A slow smile spread across my best friend’s face. “Yeah, well, it was more than worth it. What do you say? One more?”

I looked up the hill at the separate runs Ski Dubai offered and nodded. “Yeah, may as well, right? I’m not getting this chance again for a few weeks.”

We headed over to the short lift line and waited our turn, sticking out like sore thumbs in our custom gear against the rented navy and red suits everyone else wore.

I was more than aware of the camera behind us but did my best to ignore it. This whole documentary—International Waters—was for Nick, and nine months of having a camera in my face was nothing compared to the rest of his life in that wheelchair. The movie would carry his name with equal billing as the rest of us Originals—those who had started the Renegades—and would put him on the map with his phenomenal ramp designs and stunt setups. So cameras it was.

“Hey, Nova,” a girl ahead of us said with a soft sigh in my direction.

“Hey, princess,” I answered with a wink. “You having fun?” I ran her face through my mental black book, wondering if I’d ever hooked up with her.

I felt the strength of Paxton’s eye roll next to me. He hated my habit—and had no problem voicing that opinion.

“Oh yeah! It’s nice to have a little something cold to bundle up for. It’s been so hot everywhere else we’ve been, right?” The blue-eyed girl batted her overly made-up eyes at me.

“It has,” I said. She’s on the ship with us.

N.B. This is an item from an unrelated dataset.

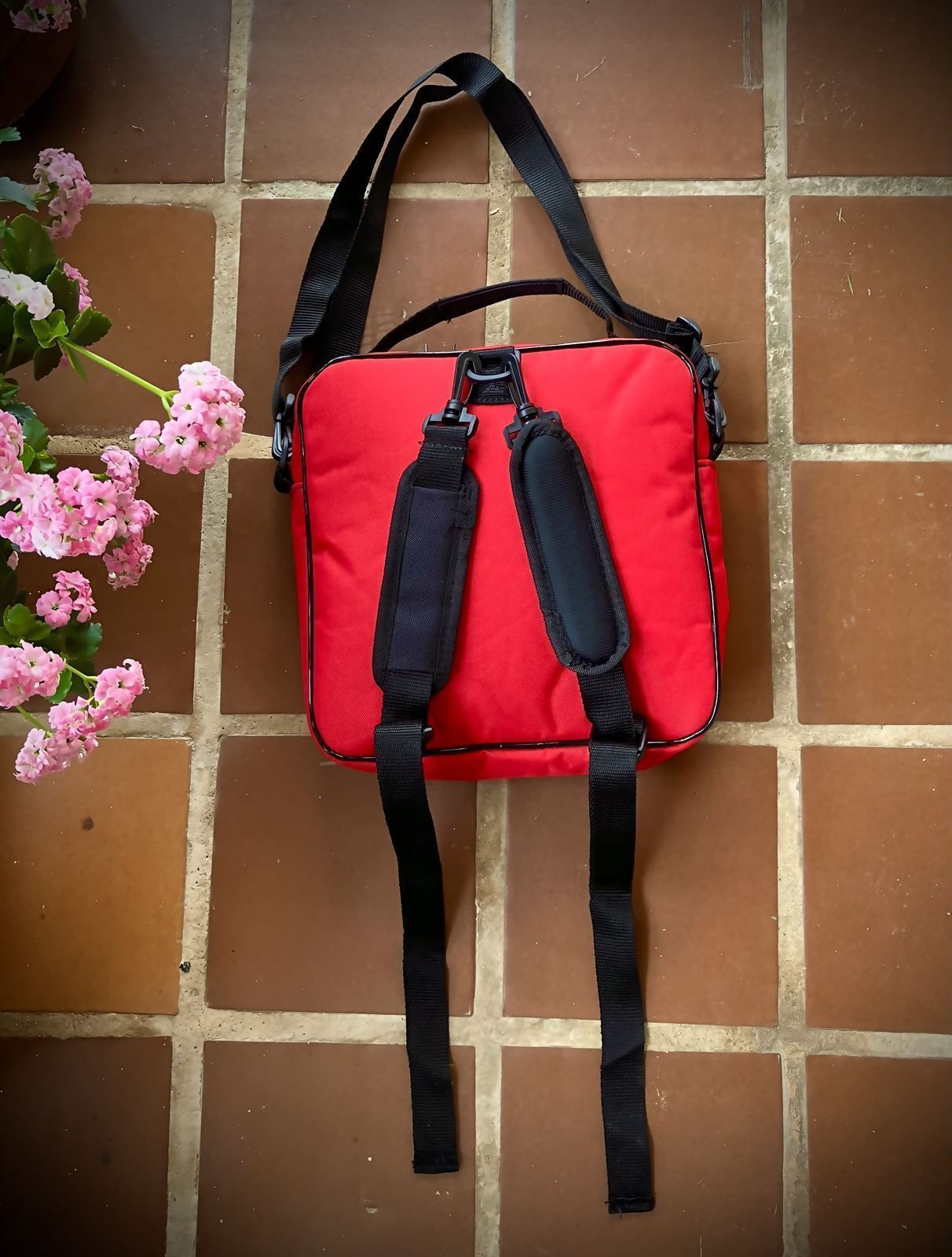 Funda cadrada vermella con detalles en negro para pandeireta - Imaxe 2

“Well, it’s good snuggling weather,” she said with a bite of her lower lip, then waved as she got on the lift ahead of us.

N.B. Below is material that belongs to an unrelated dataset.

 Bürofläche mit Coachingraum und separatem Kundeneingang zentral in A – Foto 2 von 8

“Don’t start,” I warned Paxton when I saw his mouth open.

He shook his head, and we walked forward for our turn.

“I got the confirmations on the Nepal trip,” he told me as we sat on the lift chair.

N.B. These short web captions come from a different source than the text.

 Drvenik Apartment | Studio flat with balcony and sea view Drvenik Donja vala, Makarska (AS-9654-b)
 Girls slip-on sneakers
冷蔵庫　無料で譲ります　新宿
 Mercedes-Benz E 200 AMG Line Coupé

“Yeah? It actually worked out with the school stuff?” We’d been trying to set up a ski trip to get some snow time in preparation, but since we’d been everywhere around the Mediterranean and Africa the last three months, there hadn’t been a lot of opportunities for the white, fluffy stuff.

Our trip to Nepal—the one ride I was focused on for the documentary—all hinged on our school schedule, just like everything else this year.

The chair jolted forward, and we were on our way up the man-made incline.

“It comes during the week of the optional shore excursion. So it’ll cost us a week in India, but we’ll swing it. We have ten days total, and we’ll have to write papers on it to make up for the lost cultural excursions.”